We don’t go by a budget per se, but more of a “we have this much left after all the bills came out. This much is allotted to food and the rest gets prioritized according to necessity” kind of thing. A few things we do to stretch our money are: grocery shop at Aldi and Costco, utilize money-back apps like Ibotta and Ebates, eat out less and eat leftovers more.

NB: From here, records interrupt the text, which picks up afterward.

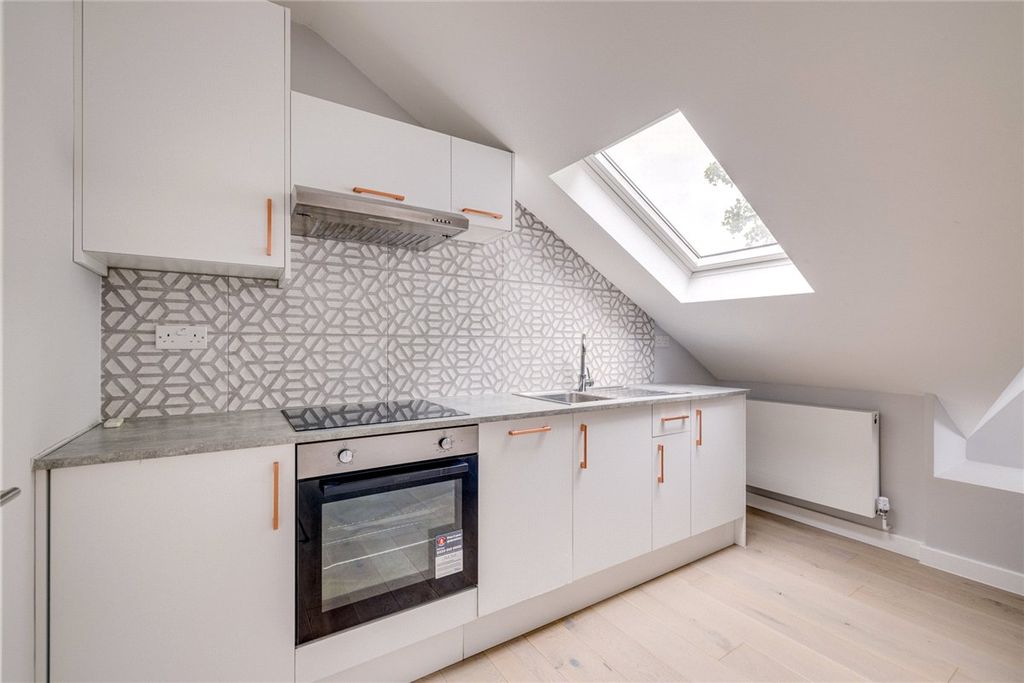 Property photo 1 of 10 Kitchen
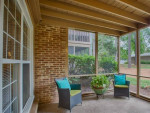 Well-equipped kitchen! Dishwasher included! The Groves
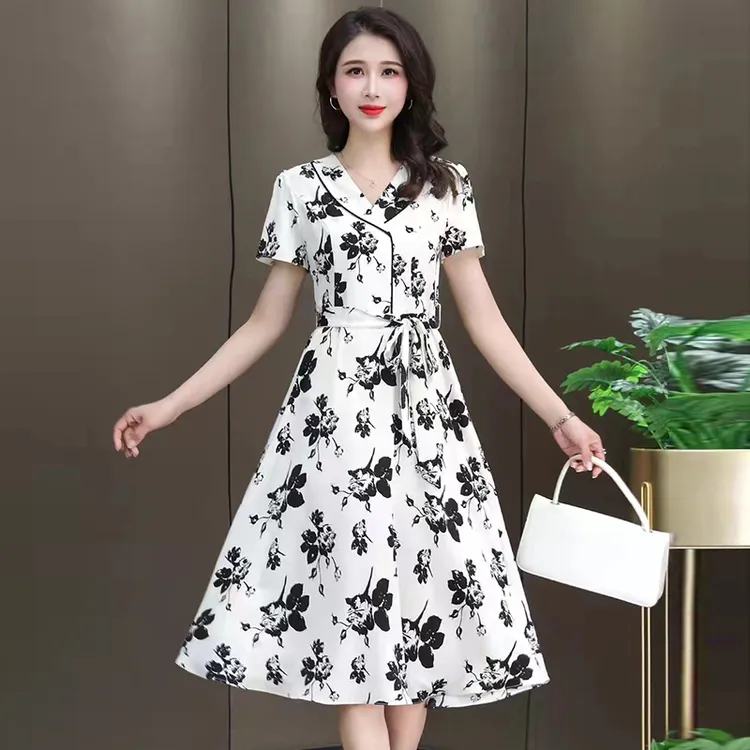 夏季修身气质新款黑白花纹舒适时尚亲肤连衣裙四季通用中年女士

It’s hard for me to admit that we don’t have much money. Yes, we have everything we need (and more) so I don’t classify us as “poor” because we do enjoy some luxuries. That doesn’t mean I don’t wish I could shop more, travel more, etc., because who could honestly say, regardless of their income, that they wouldn’t want those things? However, to accommodate our individual wants, Tyler and I keep separate personal savings. That money comes from saving birthday/Christmas money we get and selling and consigning unwanted clothing and accessories. We’re able to afford a few luxuries from that method, including a couple Louis Vuitton bags for me and a designer watch for Tyler (he saved for years!). I like to always have a little stash that I can use to fuel my shopping addiction, while Tyler chooses top shelf bourbon.

 

Is it difficult? Yes. Is single-income living right for every family? No. But it was right for us, and I love being able to share the lessons we’ve learned as a family, and the methods we use with other parents.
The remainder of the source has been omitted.